Kita juga bisa mencoba mengamati formasi pin bar saat bersua  dengan faktor lainnya. Secara general, formasi pin bar dalam  tren grafik Daily lebih akurat. Sehingga potensi profit dalam memanfaatkan formasi pin bar pada grafik Daily lebih tinggi baik pada saat pasar bergerak dalam pola ranging (bergerak dalam rentang kisaran)  atau pergerakan pada saat pasar akan berubah tren.
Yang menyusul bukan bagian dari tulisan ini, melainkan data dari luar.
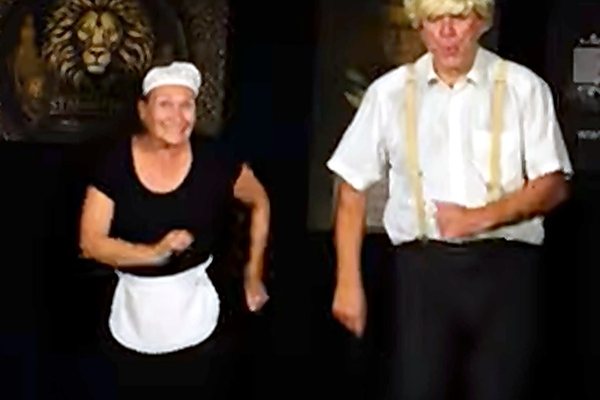 Zwei Darsteller in einer Szene beim Krimidinner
Contoh dari faktor pertemuan (factors of confluence) antara lain: level support dan resisten yang kuat, level fibonaci retracement 50%, atau Moving Average.

 

 

Formasi Pin Bar dalam Pasar Ranging dan Pasar Saat Berubah Tren

Pada contoh grafik di bawah ini, kita dapat mendeteksi satu  formasi pin bar bearish untuk sinyal sell yang terbentuk pada level resisten kunci dari EURUSD. Termasuk formasi pin bar ideal sebab ekornya lebih panjang  dibandingkan dengan candle sekitarnya serta melampaui  level resisten kunci, sehingga berindikasi bahwa penolakan kuat atau juga false-break (tembus tipuan)  dari resisten penting tersebut  telah berlangsung. Maka, terdapat tingkat kemungkinan tinggi bahwa harga akan bergerak lebih rendah setelah formasi pin bar tersebut terbentuk. . Perhatikan 50% dari panjang ekor pin bar terpasang posisi sell limit dengan perkiraan bahwa candle berikutnya akan mencapai 50% dari panjang ekor pin bar tersebut sebelum pasar secara signifikan anjlok lebih dalam…
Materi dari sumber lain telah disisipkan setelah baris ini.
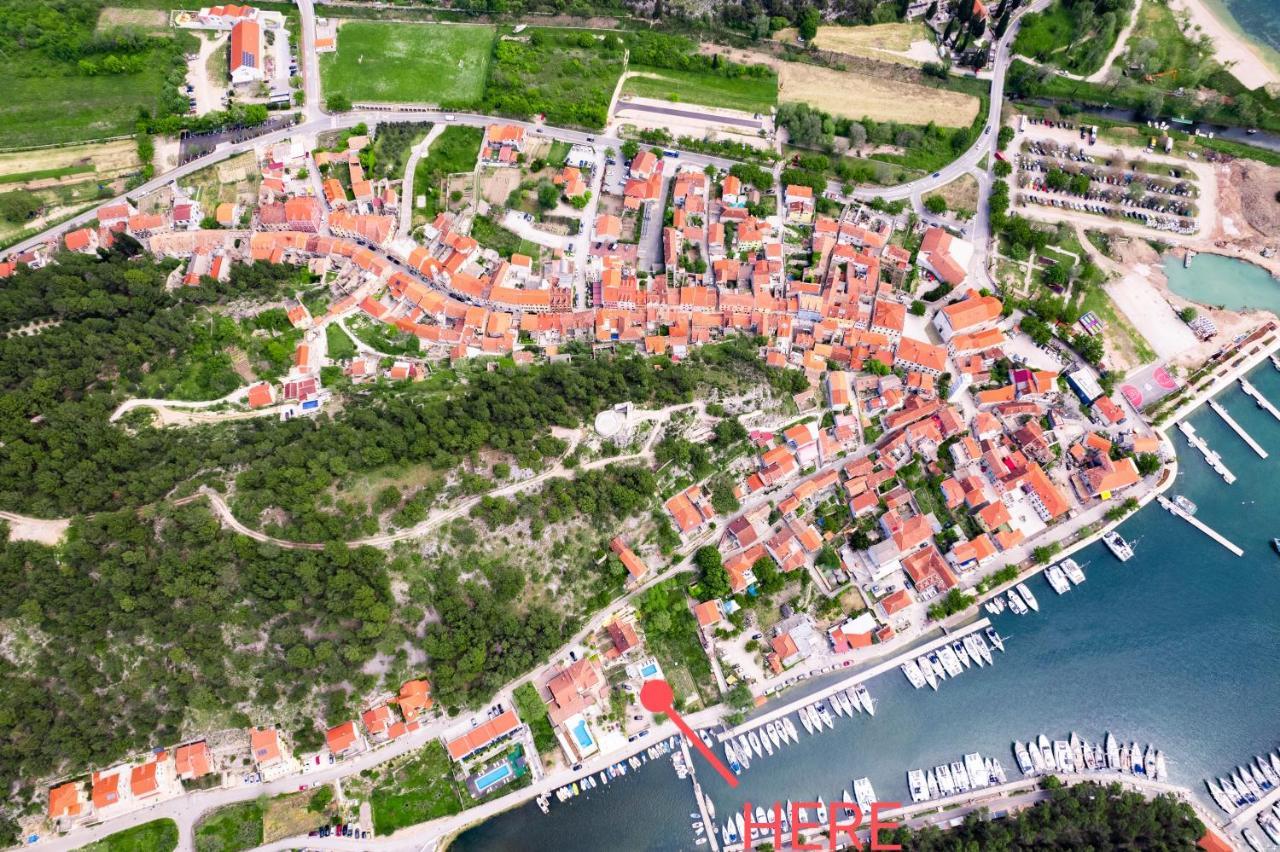 Mila And Jurija Formenti 2 Apartments In Heart Of Nautic Marina, With Heated Swimming Pool, Bikes, Sup, Kajak 스크라딘 외부 사진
– Formasi Pin Bar  dalam Tren Saat  Bertemu dengan Beragam Faktor

Pada contoh grafik di bawah ini, kita menemukan satu pin bar bearish untuk sinyal sell yang terbentuk dalam struktur pasar sedang bertendensi menurun dan juga bertemu dengan level resisten. Pertemuan antara EMA 8 (garis merah) dan EMA 21 (garis biru) dan resisten horizontal pada level 1.3200 saat tren menurun, memberi peluang untuk sinyal sell. Pada saat  kita temukan formasi pin bar yang ideal seperti di bawah ini, serta pertemuannya dengan area atau level signifikan di pasar, maka memuat potensi profit yang tinggi

Beberapa nama atau sebutan lain untuk formasi pin bar telah dijelaskan dalam studi analisa teknikal, terutama yang berkenaan dengan pola-pola candlestick klasik Jepang, yang mempunyai terminologi agak berbeda:

Satu formasi pin bar untuk pembalikan menurun (bearish reversal) atau top reversal pin bar formation disebut juga sebagai “long wicked inverted hammer”, atau “long wicked doji” atau “long wicked gravestone” atau juga sebagai “shooting star”

Satu formasi pin bar untuk pembalikan naik (bullish reversal) atau bottom reversal pin bar formation disebut juga sebagai “long wicked hammer”, atau “long wicked doji” atau juga “long wicked dragonfly”.

Kesimpulan:

Formasi pin bar merupakan satu elemen  yang sangat berharga saat kita mengaplikasikan strategi trading  berbarengan dengan pengamatan kita terhadap gerak harga. Strategi terbaik untuk formasi pin bar adalah pada saat terjadi pertemuan dengan level-level support atau resisten, konfirmasi tren yang dominan, atau faktor-faktor penegas lainnya.

Formasi pin bar juga berlaku pada semua kerangka waktu, namun sangat powerful pada kerangka waktu  1 jam, 4 jam dan Daily dan juga Weekly serta Monthly. Sehingga dengan menerapkan strategi trading via formasi pin bar secara konsisten dan disiplin plus sabar, maka peluang profit secara bersinambung juga terbuka.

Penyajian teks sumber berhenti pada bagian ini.